The town of Ratnapura had one main street of hard-packed red earth, rutted with the wheel tracks of bullock carts, pitted with pot holes, and lined on either side with one-storied, open-fronted shops and dwellings, their doors and windows covered with bamboo blinds to keep out the sun. The mazing side streets were soft and muddied by the monsoon rains and piled high with decaying middens and urine-soaked refuse. The heat and the smell of open drains hung over the city like a pall. Wherever I went I was accosted by wheedling-voiced men importuning me to buy precious stones at bargain prices. They followed me down the streets like frenzied magicians, pulling topazes out of their turbans and rubies out of their pockets.

In the afternoon of our second day in Ratnapura, Kippy and I were caught umbrellaless in a monsoon rainfall that came flinging down in sheets of water. We took shelter in the boutique of a Mohammedan lapidary by the name of Ismail. Mr. Ismail was seated at a rickety pigeonholed desk shuffling through his accounts and smoking a thin black cheroot stuck into the mouth of a dragon shaped ivory holder. He instantly sent a boy out into the rain to fetch us chairs and glasses of a sticky chemical-cherry mixture covered with circles of a bead-weighted muslin to keep out the wasps and the flies. He was a man of middle age with coarse, curly gray hair, a dark, pock-marked complexion and protruding, almost batrachian eyes. His white duck trousers held a knife-edge crease, and a fountain pen and pencil set were clipped to the brease pocket of his white shirt.
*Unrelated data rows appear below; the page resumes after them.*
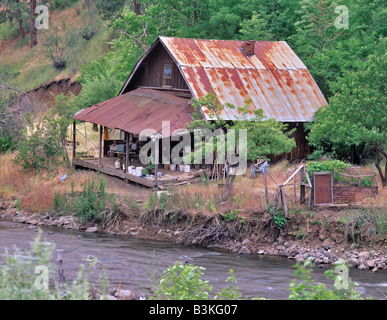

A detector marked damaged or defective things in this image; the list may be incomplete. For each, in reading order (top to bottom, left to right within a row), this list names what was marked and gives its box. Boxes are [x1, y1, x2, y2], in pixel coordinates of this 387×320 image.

rusty corrugated roof [73, 88, 194, 137]
rusty corrugated roof [158, 37, 328, 122]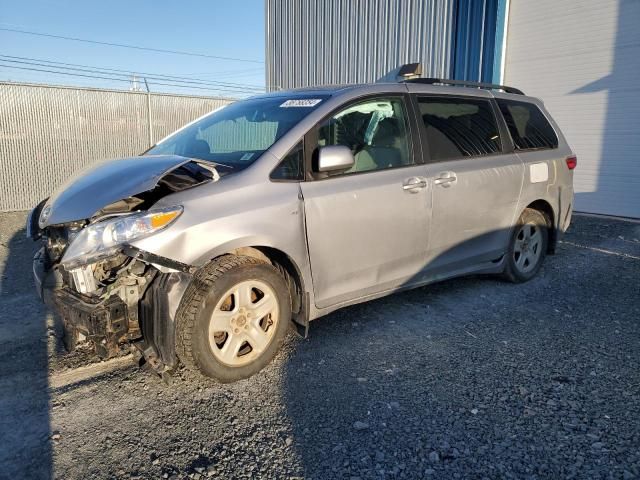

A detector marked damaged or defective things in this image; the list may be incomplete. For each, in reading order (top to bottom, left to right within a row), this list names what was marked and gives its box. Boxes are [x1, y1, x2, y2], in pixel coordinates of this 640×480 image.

broken headlight [60, 204, 182, 268]
damaged silver minivan [30, 76, 576, 382]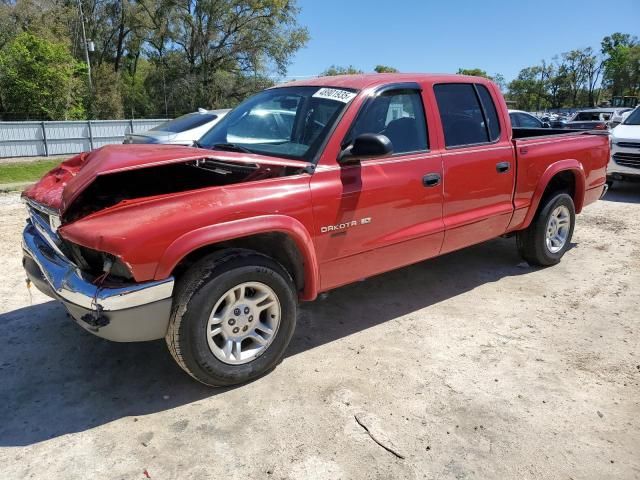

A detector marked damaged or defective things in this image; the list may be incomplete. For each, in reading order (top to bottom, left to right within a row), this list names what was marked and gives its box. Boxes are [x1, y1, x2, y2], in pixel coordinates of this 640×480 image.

front end damage [19, 145, 310, 342]
crumpled hood [24, 143, 312, 213]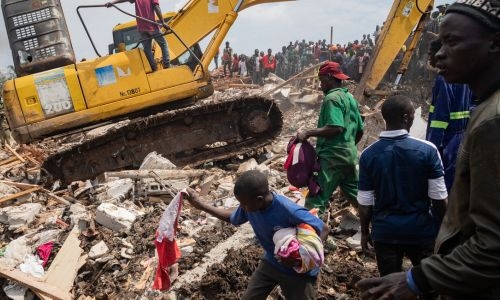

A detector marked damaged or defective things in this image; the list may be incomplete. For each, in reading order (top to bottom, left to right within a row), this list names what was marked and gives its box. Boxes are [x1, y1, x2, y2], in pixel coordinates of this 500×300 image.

broken concrete slab [0, 204, 42, 230]
broken concrete slab [95, 203, 139, 233]
broken concrete slab [89, 240, 110, 258]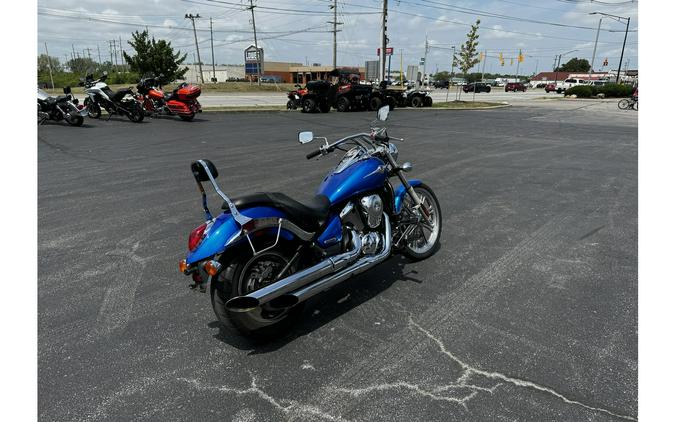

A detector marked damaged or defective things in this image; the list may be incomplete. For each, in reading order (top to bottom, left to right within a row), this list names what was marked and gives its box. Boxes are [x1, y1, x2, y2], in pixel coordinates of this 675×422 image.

crack in asphalt [177, 376, 352, 422]
crack in asphalt [406, 318, 640, 420]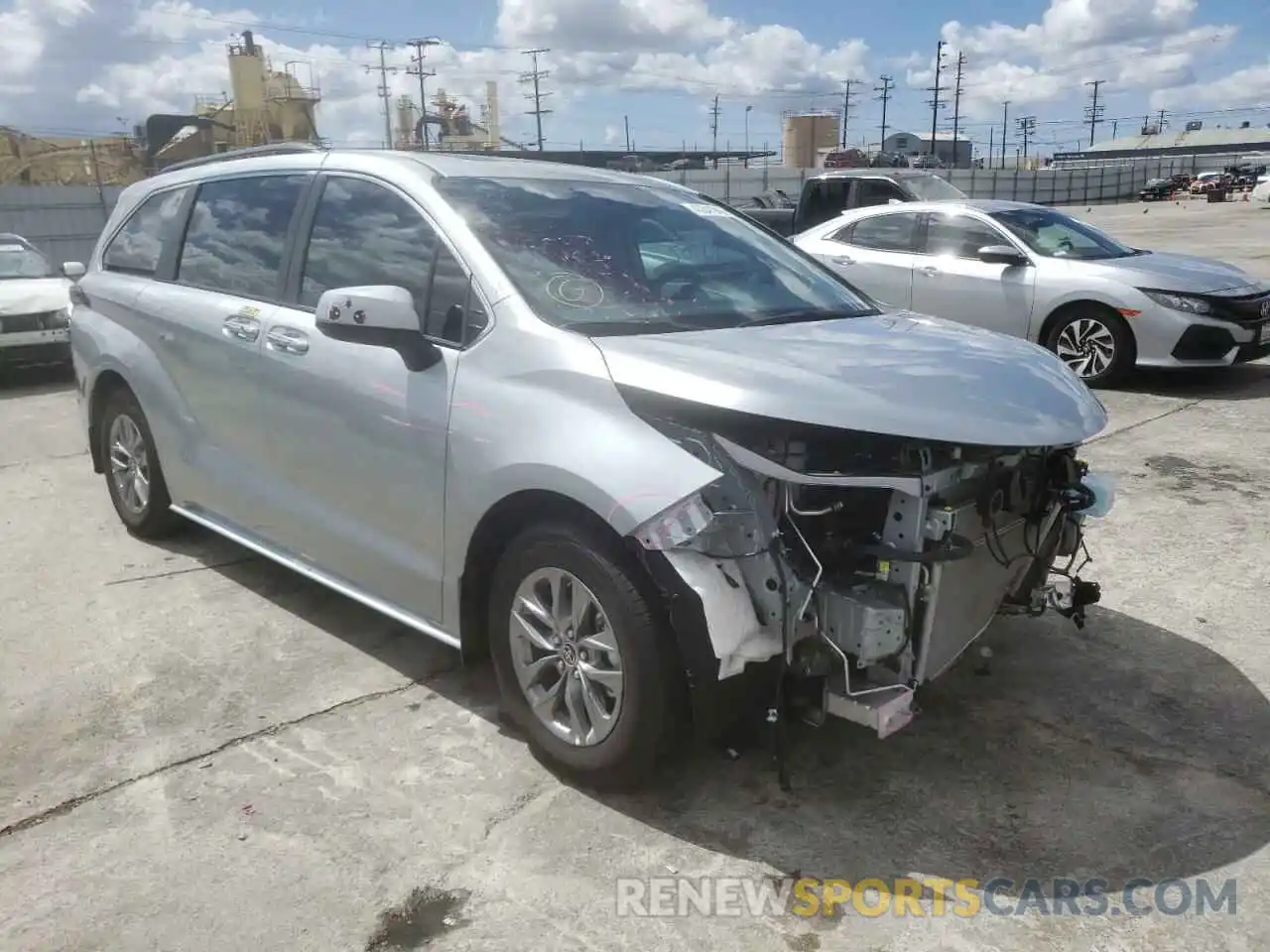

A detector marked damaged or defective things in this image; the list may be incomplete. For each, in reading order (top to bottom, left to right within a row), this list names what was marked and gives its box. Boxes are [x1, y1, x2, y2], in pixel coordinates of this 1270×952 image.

crumpled hood [0, 278, 71, 317]
damaged silver minivan [69, 149, 1111, 789]
crumpled hood [591, 311, 1103, 448]
crushed front end [631, 401, 1119, 746]
damaged bumper [631, 416, 1119, 738]
crumpled hood [1080, 249, 1262, 294]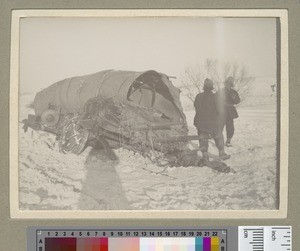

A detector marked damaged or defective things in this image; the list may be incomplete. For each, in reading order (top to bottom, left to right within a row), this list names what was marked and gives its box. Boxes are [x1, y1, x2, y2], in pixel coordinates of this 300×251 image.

detached wheel [58, 120, 89, 154]
wrecked vehicle [23, 68, 230, 171]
"Americans," he said dreamily. "I am so pleased to meet Americans. I am a great admirer of your cinema." He gestured to one wall covered with photographs and sepia magazine illustrations of Hollywood movie stars. Allowing his English to fall word by earnest word, he exclaimed over the wonders of America. He held the unshakable belief that all Americans were rich and that life in the United States was lived on a scale of cinematic extravagance. As he spoke, he clasped and unclasped his hands emotionally. His hands were like a woman’s, thin and fragile, with oval nails impeccably manicured and varnished with transparent pale pink polish.

After some little talk about America, we got down to the pleasant ritual of looking at the jewels Mr. Ismail had for sale. He seated me before a green baize-covered table out of the way of an assistant who was polishing a sapphire against a lapidary wheel. He switched on an overhead light, opened the door of a standing safe and removed several trays filled with small square paper packets fastened with elastic bands. The elastic bands were snapped off, and the heavy parchment wrapping, with much rich crackling, undone. Each packet revealed a linen square with its four corners tied in a knot. Mr. Ismail unknotted the linen squares and spread them before me in order of the value of the stones which they contained, the smaller, more common gems first — satiny moonstones, greeny-yellow cat’s eyes, garnets, cinnamon stones and rose spinels. Then a choice lot of tourmalines, topazes, aquamarines, chatoyant opals and glittering zircons. Mr. Ismail pinched up stone after stone with his jeweller’s tweezers and held the gems up to the light, counterpoising them against minuscule weights on a balance scale. His face was shuttered from expression, his voice cooing the prices.

Then he swept the lesser stones aside and laid before me an assortment of star sapphires and pigeon-blood rubies, the light quivering in their mounded depths, the most exquisite stones I had ever seen.